Costs for Medicare health plans

What you pay in a Medicare health plan

Your out-of-pocket costs in a Medicare Advantage Plan (Part C) depend on:

  • Whether the plan charges a monthly premium.
  • Whether the plan pays any of your monthly Medicare Part B (Medical Insurance) premium.
  • Whether the plan has a yearly deductible or any additional deductibles.
  • How much you pay for each visit or service (copayment or coinsurance). For example, the plan may charge a copayment, like $10 or $20 every time you see a doctor. These amounts can be different than those under Original Medicare.
  • The type of health care services you need and how often you get them.
  • Whether you go to a doctor or supplier who accepts assignment (if you're in a PPO, PFFS, or MSA plan and you go out-of-network).
  • Whether you follow the plan's rules, like using network providers.
  • Whether you need extra benefits and if the plan charges for it.
  • The plan's yearly limit on your out-of-pocket costs for all medical services.
  • Whether you have Medicaid or get help from your state.
Note

Each year, plans establish the amounts they charge for premiums, deductibles, and services. The plan (rather than Medicare) decides how much you pay for the covered services you get. What you pay the plan may change only once a year, on January 1.

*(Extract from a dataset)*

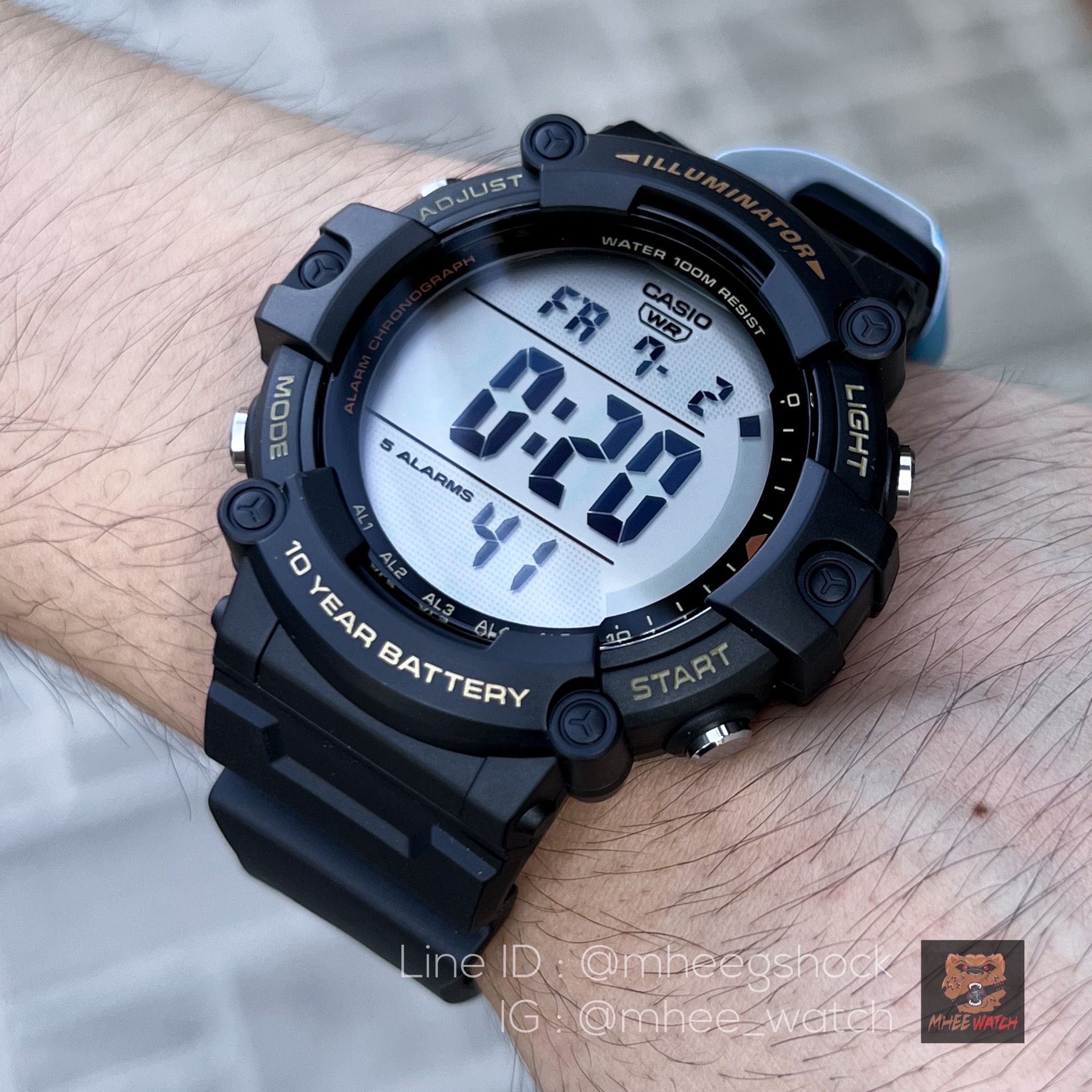 Casio คาสิโอ้ ทรงสมาร์ทวอช ดำทอง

Get more cost details from your plan

If you're in a Medicare plan, review the "Evidence of Coverage" (EOC) and "Annual Notice of Change" (ANOC) your plan sends you each fall. The EOC gives you details about what the plan covers, how much you pay, and more. The ANOC includes any changes in coverage, costs, or service area that will be effective in January.

If you don't get these important documents, contact your plan.